─── EXERCISE MATERIALS ───

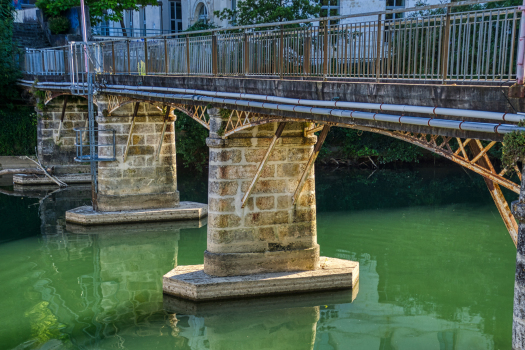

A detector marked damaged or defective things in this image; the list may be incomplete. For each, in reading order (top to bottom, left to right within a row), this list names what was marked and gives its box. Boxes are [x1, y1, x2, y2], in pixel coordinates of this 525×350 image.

rusted metal beam [122, 100, 140, 162]
rusted metal beam [156, 106, 172, 161]
rusted metal beam [242, 122, 286, 208]
rusted metal beam [290, 125, 328, 205]
rusted metal beam [468, 139, 516, 246]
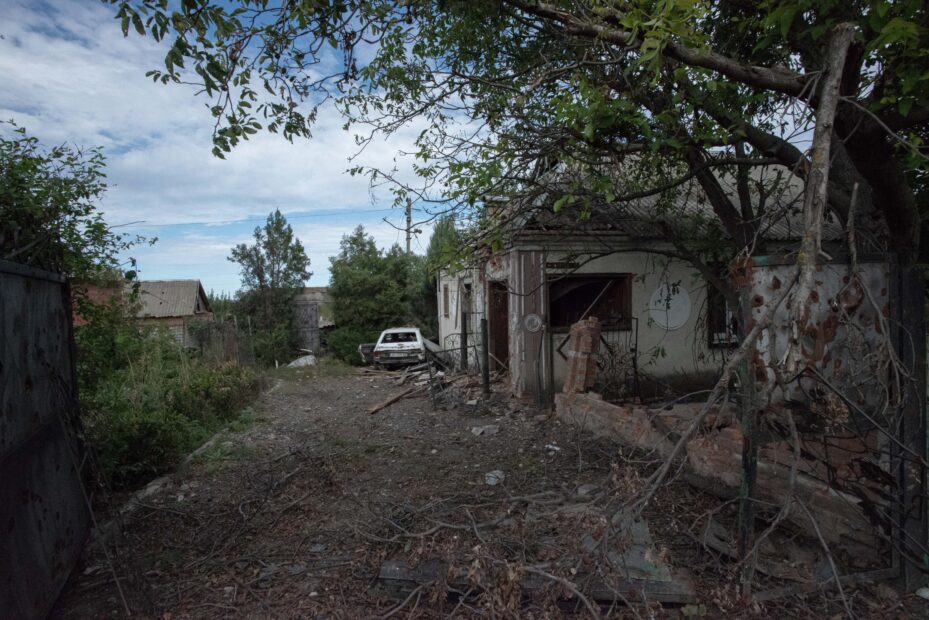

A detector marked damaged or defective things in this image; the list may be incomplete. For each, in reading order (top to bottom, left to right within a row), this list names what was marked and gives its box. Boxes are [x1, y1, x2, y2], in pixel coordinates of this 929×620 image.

abandoned white car [370, 330, 428, 368]
damaged doorway [490, 282, 512, 372]
rusty metal gate [0, 260, 90, 616]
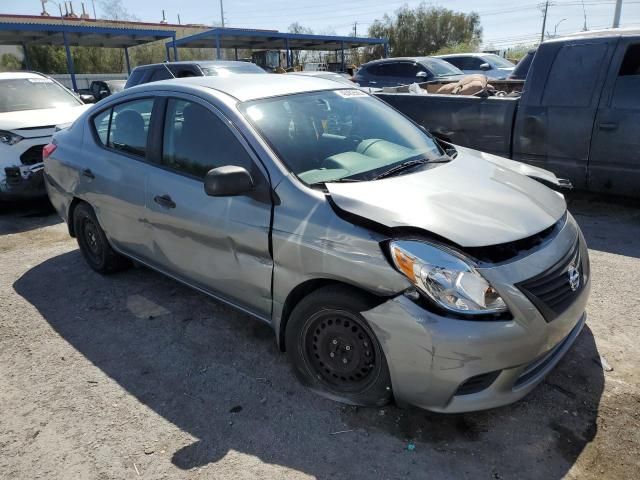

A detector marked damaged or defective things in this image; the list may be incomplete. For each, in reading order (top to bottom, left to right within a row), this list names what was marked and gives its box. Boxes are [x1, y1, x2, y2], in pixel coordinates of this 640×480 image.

───

§ EXERCISE OBJECTIVE
In the entries above, find the line containing "this 929×620 image."; transcribe exactly that line and every line after it through the end, and only those, omitting pictures.

§ RESPONSE AREA
A detector marked damaged or defective things in this image; the list may be incomplete. For each, in reading order (top to bottom, left to right within a row), this list names what was marked and gives its box. Boxes are [x1, y1, x2, y2], in pixel coordinates of this 929×620 image.

abandoned white car [370, 330, 428, 368]
damaged doorway [490, 282, 512, 372]
rusty metal gate [0, 260, 90, 616]

A detector marked damaged or defective things in this image; the list may be incomplete. For each, in reading order (top to bottom, left to right within a row), this list names what was marked and gives its box. Boxes are [x1, y1, x2, y2], in pixel coordinates of this 640×480 image.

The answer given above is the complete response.